Zwołanie posiedzenia Zespołu związane było z alarmującymi prognozami pogody na najbliższe dni. Największe opady deszczu mają być na południu Polski, w województwach dolnośląskim, małopolskim, śląskim oraz opolskim.
W województwie świętokrzyskim obecnie obowiązuje pierwszy stopień zagrożenia. Prognozy przewidują, że najtrudniejsza będzie sobota. Najgorsza sytuacja może wystąpić na południu województwa, w powiatach buskim, pińczowskim i kazimierskim.
Podczas posiedzenia Zespołu poinformowano o działaniach, które wdrożyły już służby wojewody. Wzmocniona została obsada dyżurowa w Wojewódzkim Centrum Zarządzania Kryzysowego, Dyspozytorni Medycznej oraz Centrum Powiadamiania Ratunkowego. W razie wystąpienia szkód, obsadę dyżurową zwiększą również policja i straż pożarna.
Oprócz tego sprawdzono magazyny przeciwpowodziowe będące w zasobach wojewody. O podobne działania zaapelowano również do samorządców.
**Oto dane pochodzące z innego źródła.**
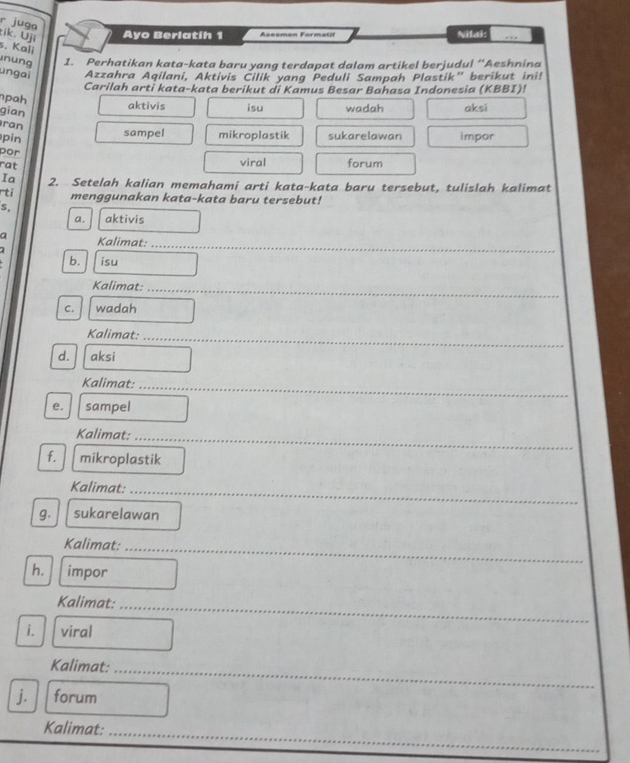 juga
tik. Uji Ayo Berlatih 1 Asesman Formatil Nilai:
s. Kali
nung 1. Perhatikan kata-kata baru yang terdapat dalam artikel berjudul “Aeshnina
ungai Azzahra Aqilani, Aktivis Čilik yang Peduli Sampah Plastik” berikut ini!
Carilah arti kata-kata berikut di Kamus Besar Bahasa Indonesia (KBBI)!
pah
gian
aktivis isu wadah aksi
ran
sampel mikroplastik sukarelawan
pin impor
por
rat
viral forum
Ia
rti 2. Setelah kalian memahami arti kata-kata baru tersebut, tulislah kalimat
menggunakan kata-kata baru tersebut!
s,
a. aktivis
a Kalimat:
_
b. isu
Kalimat:_
C. wadah
_
Kalimat:_
d. aksi
_
Kalimat:_
e. sampel
_
Kalimat:_
f. mikroplastik
Kalimat:_
g. sukarelawan
Kalimat:_
h. impor
Kalimat:_
i. viral
Kalimat:_
j. forum
_
Kalimat:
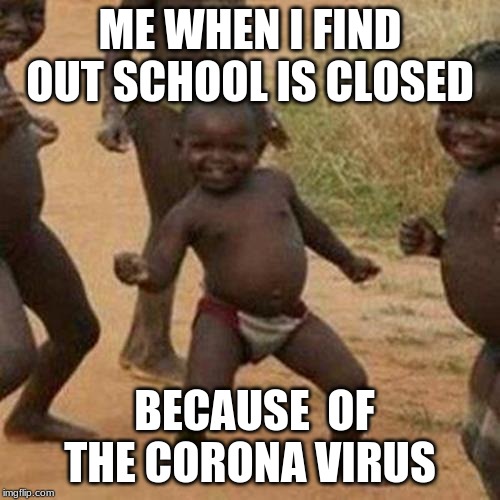 Third World Success Kid | ME WHEN I FIND OUT SCHOOL IS CLOSED; BECAUSE  OF THE CORONA VIRUS | image tagged in memes,third world success kid | made w/ Imgflip meme maker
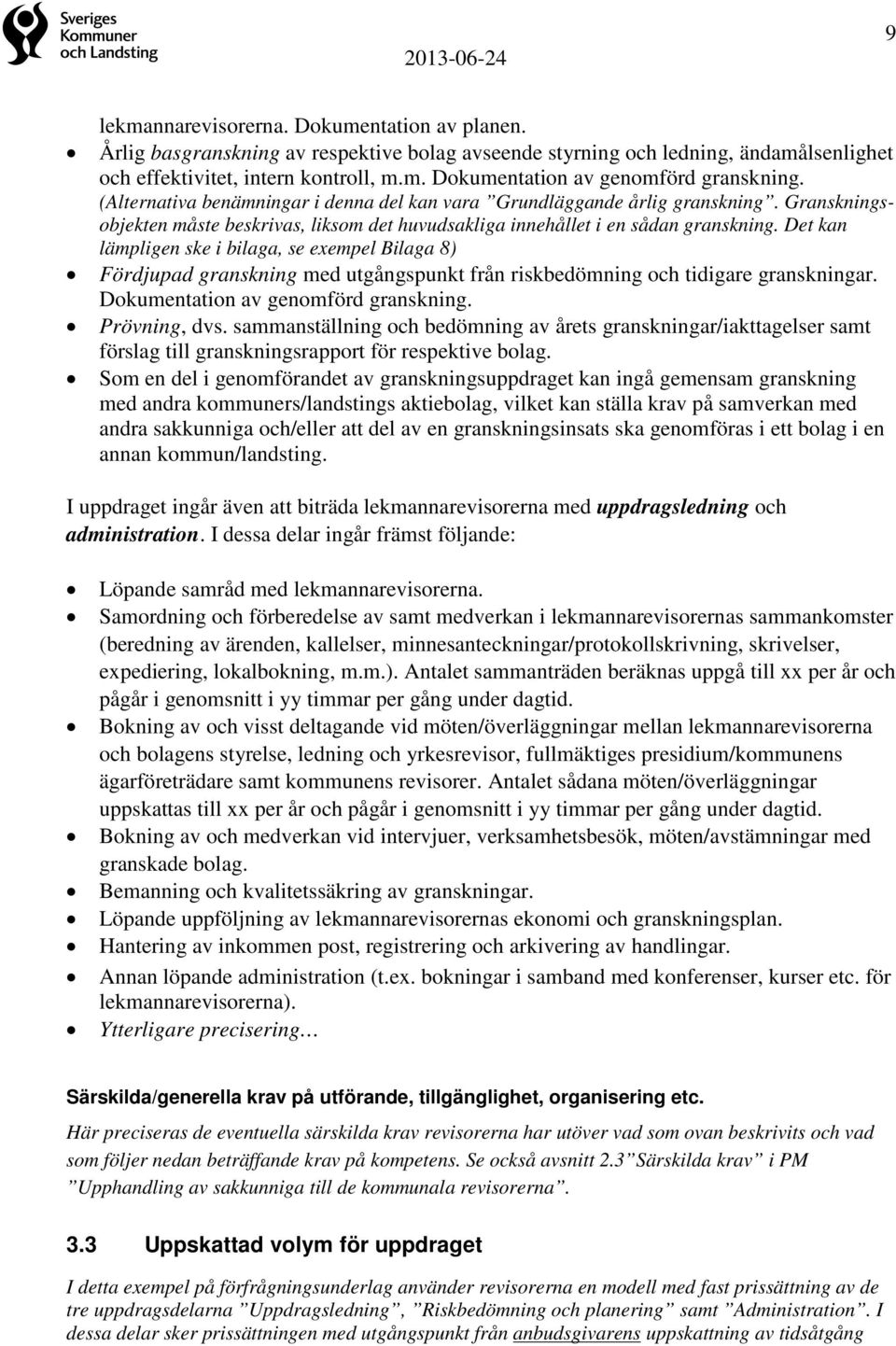 Det kan lämpligen ske i bilaga, se exempel Bilaga 8) Fördjupad granskning med utgångspunkt från riskbedömning och tidigare granskningar. Dokumentation av genomförd granskning. Prövning, dvs.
Wody Polskie poinformowały, że opróżnione zostały zbiorniki retencyjne Chańcza, Wióry i Brody Iłżeckie. Ich łączna rezerwa powodziowa wynosi obecnie ponad 36 mln m3.
Do przyjęcia dużych ilości wód opadowych przygotowany jest także zbiornik w Cedzynie (ok. 400 tys. m3 rezerwy) oraz w Borkowie (ok. 50 tys. m3 rezerwy).